5

I use a python library that prints out a Unicode character to windows console. If I call a function on the library that prints out Unicode character, it will throw an exception 'charmap' codec can't encode characters.

So this is what I tried to solve that error: Call "chcp 65001" windows console command from python using os.system("chcp 65001") before calling the library function.

I know there are questions similar to this and that is why I tried the above solution. It successfully calls the command on the console and tells me that it activated the code page.

However, the exception showed up again.

If I try to run the program again without closing the previous console, the program executes successfully without any exception. Which means the above console command takes effect after the first try.
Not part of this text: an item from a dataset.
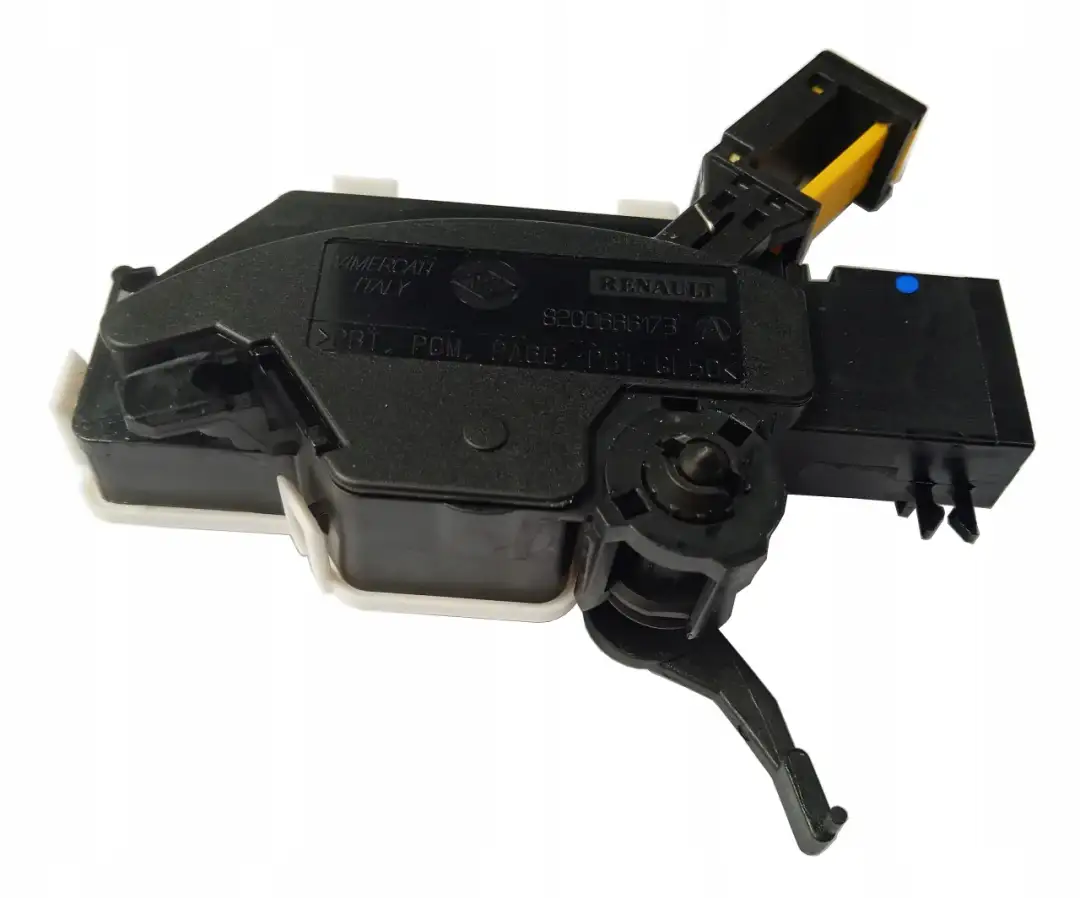 Czujnik położenia pedału sprzęgła – klucz do płynnej jazdy i bezpieczeństwa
My question is: is there a way to launch windows console by pre-activating Unicode support so that I don't have to call the program twice.

ash
  • 2,902
  • 3
  • 19
  • 34
  • You can't solve this problem with `chcp`, use the solutions listed here: [Python, Unicode, and the Windows console](http://stackoverflow.com/questions/5419/python-unicode-and-the-windows-console) – roeland Mar 07 '17 at 03:45

2 Answers2

7

Add /k chcp 65001 to the shortcut launching the cmd window. Alternatively, use Python 3.6 which uses Windows Unicode APIs to write to the console and ignores the code page. You do still need font support for what you are printing, however.

Mark Tolonen
  • 166,664
  • 26
  • 169
  • 251
  • 1
    The alternative is to use the `win_unicode_console` module, not to use codepage 65001 -- at least not until Microsoft fixes the console (conhost.exe) to work properly with UTF-8. Even in Windows 10, only ASCII (0-127) can be read from the console when using codepage 65001, and in Windows 7 (fixed in 8+) all programs that rely on `WriteFile` returning the number of bytes written, instead of the number of decoded UTF-16 codes written (in the BMP, 1-3 UTF-8 bytes map to 1 UTF-16 code), end up making several writes, which leaves a stream of garbage after every write that has non-ASCII characters. – Eryk Sun Mar 06 '17 at 21:45
  • 2
    A common misconception in Windows users is calling the console a "cmd window". The cmd *shell* has nothing inherently to do with the console window. It can be run detached without a console. If it is attached to a console, then it's just a regular client process that's no different from python.exe, powershell.exe, doskey.exe, chcp.com, or mode.com (".COM" is a legacy extension; they're 64-bit PE binaries). – Eryk Sun Mar 06 '17 at 21:50
  • 1
    @Mark like you suggested, I used Python 3.6 and it worked like a charm. Thanks – ash Mar 07 '17 at 07:45
  • >"You do still need font support for what you are printing" How do I determine which font to use? Some of my emojis print out as the box replacement character. – JDOaktown Mar 15 '19 at 19:31
1

Next settings works on Windows 8.1:

==> set "PYTHONIOENCODING=UTF-8"

==> chcp 65001
Active code page: 65001

==> type "%APPDATA%\Python\Python35\site-packages\usercustomize.py"
import win_unicode_console
win_unicode_console.enable()

Test:

==> python
Python 3.5.1 (v3.5.1:37a07cee5969, Dec  6 2015, 01:54:25) [MSC v.1900 64 bit (AMD64)] on win
32
Type "help", "copyright", "credits" or "license" for more information.
>>> print (u'ěščřžýáíé ;ςερτυ яшертю ğüşi')
ěščřžýáíé ;ςερτυ яшертю ğüşi
>>>

Strings in test (senseless, just for demonstration):

  • ěščřžýáíé Latin, Central European
  • ;ςερτυ    Greek
  • яшертю    Cyrillic
  • ğüşi      Latin, Turkish
JosefZ
  • 28,460
  • 5
  • 44
  • 83